• TASK PROMPT: From the entries that follow, gather each line holding the word "Toyota".

Data items:
****

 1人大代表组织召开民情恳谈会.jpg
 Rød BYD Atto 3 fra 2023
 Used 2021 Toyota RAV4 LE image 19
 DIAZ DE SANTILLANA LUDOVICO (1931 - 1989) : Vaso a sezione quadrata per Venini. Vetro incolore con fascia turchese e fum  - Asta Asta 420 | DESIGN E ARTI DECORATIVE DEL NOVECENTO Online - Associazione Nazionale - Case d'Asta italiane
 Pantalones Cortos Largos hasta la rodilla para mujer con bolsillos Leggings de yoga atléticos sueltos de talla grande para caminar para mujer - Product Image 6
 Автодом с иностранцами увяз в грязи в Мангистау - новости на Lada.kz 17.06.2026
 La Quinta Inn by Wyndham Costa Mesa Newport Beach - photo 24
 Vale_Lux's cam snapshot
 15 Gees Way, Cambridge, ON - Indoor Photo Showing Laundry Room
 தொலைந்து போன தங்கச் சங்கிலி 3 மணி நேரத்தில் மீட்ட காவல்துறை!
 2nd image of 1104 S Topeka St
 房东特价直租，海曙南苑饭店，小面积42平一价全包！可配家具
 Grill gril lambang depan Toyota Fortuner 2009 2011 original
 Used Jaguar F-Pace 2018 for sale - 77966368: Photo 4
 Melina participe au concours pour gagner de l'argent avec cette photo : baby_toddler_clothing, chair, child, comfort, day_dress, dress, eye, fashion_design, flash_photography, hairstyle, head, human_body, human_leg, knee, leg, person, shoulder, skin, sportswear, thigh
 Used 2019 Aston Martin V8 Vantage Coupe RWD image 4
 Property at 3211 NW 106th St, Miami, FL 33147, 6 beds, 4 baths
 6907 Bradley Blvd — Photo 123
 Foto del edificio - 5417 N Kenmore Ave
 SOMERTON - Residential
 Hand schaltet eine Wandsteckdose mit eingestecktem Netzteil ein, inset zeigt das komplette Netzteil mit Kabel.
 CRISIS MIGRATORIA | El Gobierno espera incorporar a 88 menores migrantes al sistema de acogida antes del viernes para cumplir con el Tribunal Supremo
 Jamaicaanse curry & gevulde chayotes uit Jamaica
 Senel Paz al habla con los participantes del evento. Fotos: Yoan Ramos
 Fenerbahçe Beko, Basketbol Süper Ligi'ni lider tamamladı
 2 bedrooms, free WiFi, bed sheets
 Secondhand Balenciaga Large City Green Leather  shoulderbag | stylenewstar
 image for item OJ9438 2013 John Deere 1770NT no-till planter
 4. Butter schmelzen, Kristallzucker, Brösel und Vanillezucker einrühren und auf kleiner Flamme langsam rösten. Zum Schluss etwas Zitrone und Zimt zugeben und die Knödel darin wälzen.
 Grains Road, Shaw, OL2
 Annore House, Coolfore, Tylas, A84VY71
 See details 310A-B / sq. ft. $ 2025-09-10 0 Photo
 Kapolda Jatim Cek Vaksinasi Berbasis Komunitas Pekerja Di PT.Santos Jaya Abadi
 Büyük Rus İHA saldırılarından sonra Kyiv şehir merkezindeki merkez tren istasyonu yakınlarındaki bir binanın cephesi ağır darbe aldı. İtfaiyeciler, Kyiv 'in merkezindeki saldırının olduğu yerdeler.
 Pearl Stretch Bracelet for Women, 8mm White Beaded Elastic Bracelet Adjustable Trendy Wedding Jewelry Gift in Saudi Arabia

****

• SOLUTION TO THE PROBLEM:
 Used 2021 Toyota RAV4 LE image 19
 Grill gril lambang depan Toyota Fortuner 2009 2011 original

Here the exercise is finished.